Ryan DeRicco’s vocals are largely unintelligible, but pack a visceral power, especially in the ass-kicking tune “Man Fly.” His gruff, up-from-the-gut howl cuts through the sludge where many singers would be buried and drowned.

“I have to work for it,” he says. “That’s why I sweat like this.”

His bandmates joke that you can always tell where DeRicco has been after a show by the trail of sweat drops.

Lyrically, DeRicco writes about stuff appropriately epic for a band like this. “Recrossing the Bergschrund” is about Norse mythology. A bergschrund is a crevasse in a glacier—the band often plays up the glacier theme. “Calypso” is named after an ice moon of Saturn.

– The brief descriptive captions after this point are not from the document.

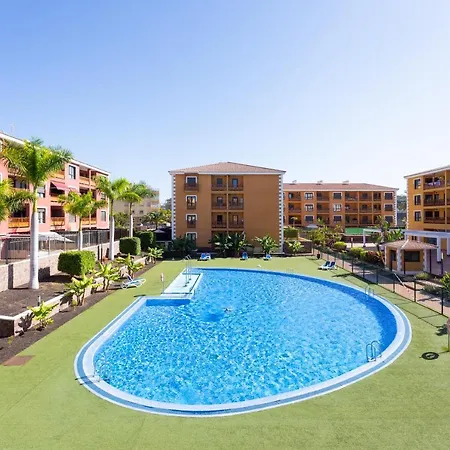 Home2book Bright Pool View El Mocan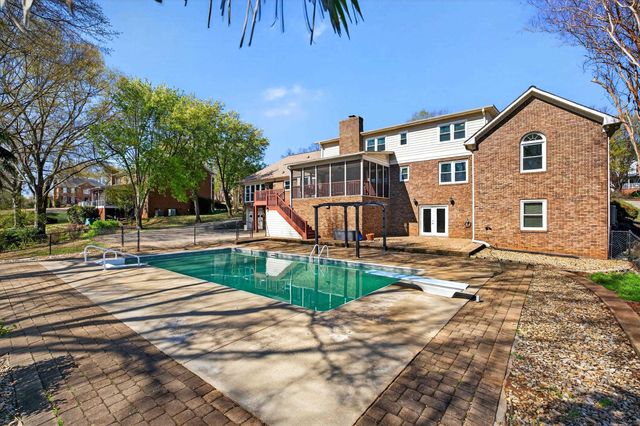 206 W Killarney Lake, Moore, SC 29639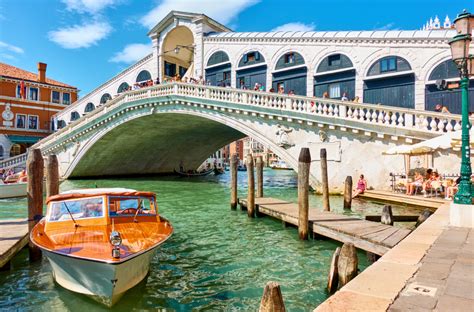 Grand Canal and the Rialto Bridge In Venice jigsaw puzzle in Bridges puzzles on TheJigsawPuzzles.com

“Not the style of music,” says Page, with a laugh. The slow heaviosity of Glacier is pretty far removed from the upbeat, percussion-driven, carnival atmosphere of calypso.

The power of Glacier lies in the simple, primal, animal-brain appeal of the drone of a down-tuned guitar.

“The simplest, heaviest shit is always the most effective,” says DeRicco.

The simple effectiveness of the music is also rooted in the fact that the band members have a variety of levels of experience. Wyllie’s a music vet who also currently plays in The Swamp Donkey, a band that could also be labeled as sludge metal, though it takes a much craftier approach to songwriting. On the other end of the spectrum, Rogers and Page were both newbies to their instruments when the band started three years ago.

“We’re not overly serious about it, either,” says Rogers. “We practiced for two years before our first show. We just write shit we want to listen to.”

That’s a simple but important principle that too many bands forget.

“We’re just playing stuff we want to hear,” says Page.